Davacı idare ile davalılar arasında asıl işveren-alt işveren ilişkisi mevcut olup, davacı asıl işveren, alt işverenin işçilerine karşı o işyeri ile ilgili olarak İş Kanunu’nun 2/6 maddesinde belirtildiği şekilde, alt işverenle birlikte müteselsilen sorumlu olacağı, ancak bu sorumluluğun dış ilişki itibariyle (dava dışı işçiye karşı) müseselsilen sorumluk niteliğinde olduğu, asıl ve alt işveren arasındaki ilişkide ise iş hukukunun değil, Borçlar Kanunu ve sözleşme hukukunun esas alınacağı, 6098 sayılı Türk Borçlar Kanunu’nun 167. (Mülga Borçlar Kanunu’nun 146.) maddesinde düzenlenen, “Aksi karalaştırılmadıkça veya borçlular arasındaki hukuki ilişkinin niteliğinden anlaşılmadıkça, borçlulardan her biri, alacaklıya yapılan ifadan, birbirlerine karşı eşit paylarla sorumludurlar. Kendisine düşen paydan fazla ifada bulunan borçlunun, ödediği fazla miktarı diğer borçlulardan isteme hakkı vardır,” şeklindeki hükümde de, müteselsil borçlulardan her birinin alacaklıya yapılan ifadan birbirlerine karşı genel olarak eşit paylarla sorumlu oldukları ve ancak bunun aksinin kararlaştırılabileceğinin açıkça belirtildiği, tarafların serbest iradeleri ile düzenlemiş oldukları sözleşme hükümleri kendilerini bağlayacağından, dış ilişkide kanundan doğan teselsül gereğince borcu ödemiş olan müteselsil borçlunun, ödediği miktarın iç ilişkide borcun nihai yükümlüsü olan borçludan rücuen tahsilini talep edebileceği anlaşılmıştır.

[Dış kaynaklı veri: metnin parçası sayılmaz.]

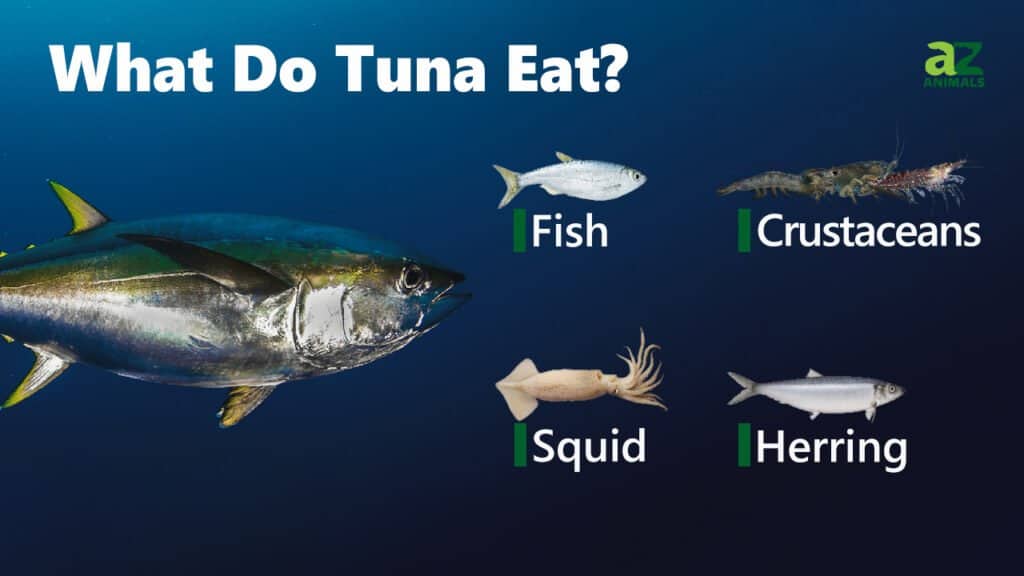 Cosa mangia il tonno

İşçiye ödenen kıdem tazminatının tamamından işçiyi çalıştırdıkları dönemle orantılı olarak yükleniciler işverene karşı sorumludurlar. Yıllık izinler kullanılmadığı taktirde iş sözleşmesinin feshi ile ücrete dönüşmektedir. Sözleşmeyi feshedenin son yüklenici olduğu ve yıllık izinlerinde bu fesih ile ücrete dönüştüğü gözönüne alındığında yıllık izin ücretinden son yüklenici sorumlu olacaktır. İhbar tazminatından da son işveren sorumludur. Bunların dışında hafta tatil ücreti, ücret alacağı, fazla mesai ücreti gibi işçiye ödenen tazminatlardan yükleniciler işverene karşı işçiyi çalıştırdıkları dönemle sınırlı olarak sorumlu olacaklardır (Yargıtay 6. HD 2021/1763 esas 2021/2455 karar sayılı ilamı).

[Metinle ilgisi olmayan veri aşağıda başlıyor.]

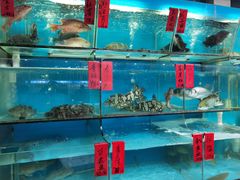 水产区-海大大蒸汽海鲜餐厅·粤菜·特色小炒(欢乐颂店)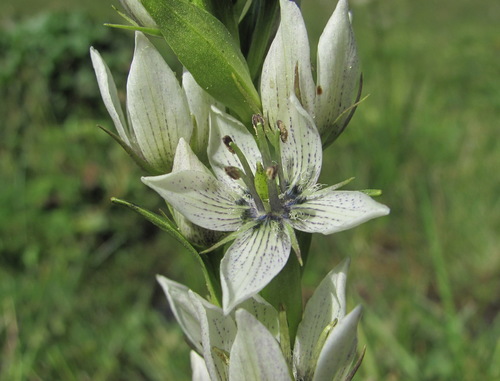 Swertia iberica — photo
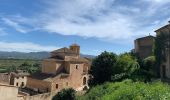 Trail Walking Miravet - Miravet alentours et Château  - Photo 1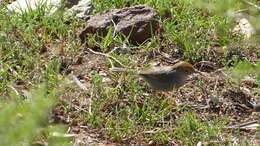 Sivun Cisticola fulvicapilla fulvicapilla (Vieillot 1817) kuva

İşçilik alacakları ödenen işçinin; yüklenici işçisi olması, sözleşme ücretine işçinin ücret ve sosyal haklarının dahil olması, işverenin işçilik alacaklarından sorumlu olacağına dair sözleşmede bir hüküm bulunmaması hususları nazara alındığında davacı işverenin işçiyi çalıştıran yüklenicilerden ödediği bedeli ve ferilerinin tamamını talep etme hakkı bulunduğunun kabulü gerekeceğinden (Yargıtay 6. HD 2021/876 esas 2021/1507 karar sayılı ilamı) ve taraflar arasındaki sözleşmede açık hüküm bulunmasa dahi, bedeli önceden kararlaştırılan iş yönünden, davalının işçilerinin işçilik alacaklarından, iç ilişkide davalının sorumlu olduğunun kabulü gerekeceğinden bilirkişinin yarı oranında hesabına itibar edilmemiştir (Ankara BAM 23. HD 2018/2185 esas 2022/562 karar sayılı ilamı).

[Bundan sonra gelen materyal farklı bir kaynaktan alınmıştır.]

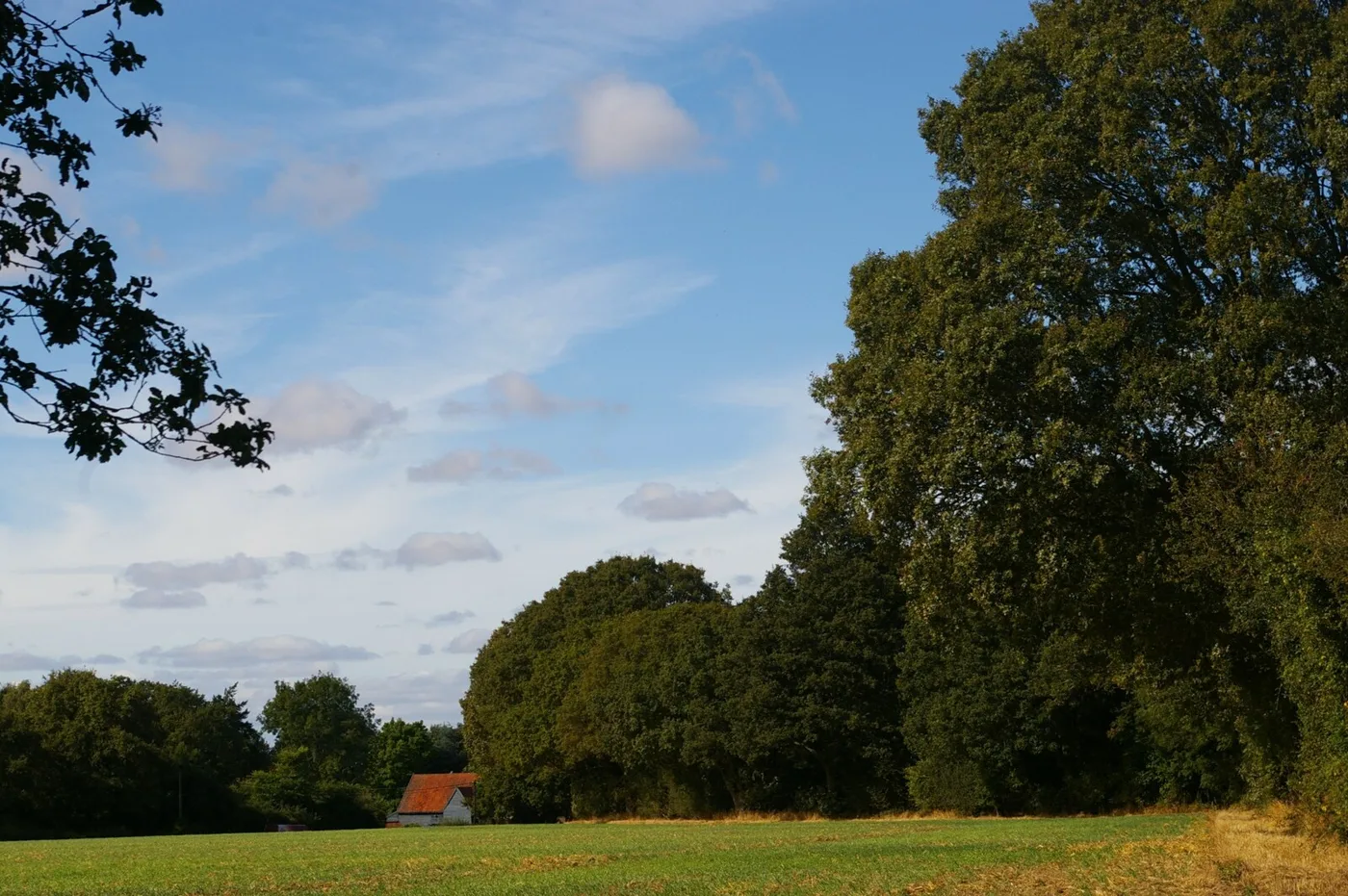 Farmland north of Waldringfield Road, Martlesham. The picture does not show any of the submitted sites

Yukarıda açıklandığı üzere hükme esas alınan hesap uzmanı bilirkişi tarafından düzenlenen rapor uyarınca dava dışı işçinin davalılar nezdinde çalıştığı dönem itibari ile hesaplanan bedel üzerinden davanın kısmen kabulüne karar vermek gerekmiş, dava tarihi itibari ile (Ankara BAM 23. HD 2018/2070 esas 2019/1481 karar sayılı, Ankara BAM 4. HD 2019/132 esas 2021/334 karar sayılı ilamı) davalılardan avans faizi ile tahsiline karar vermek gerekmiş ve takdiren aşağıdaki şekilde hüküm kurulmuştur.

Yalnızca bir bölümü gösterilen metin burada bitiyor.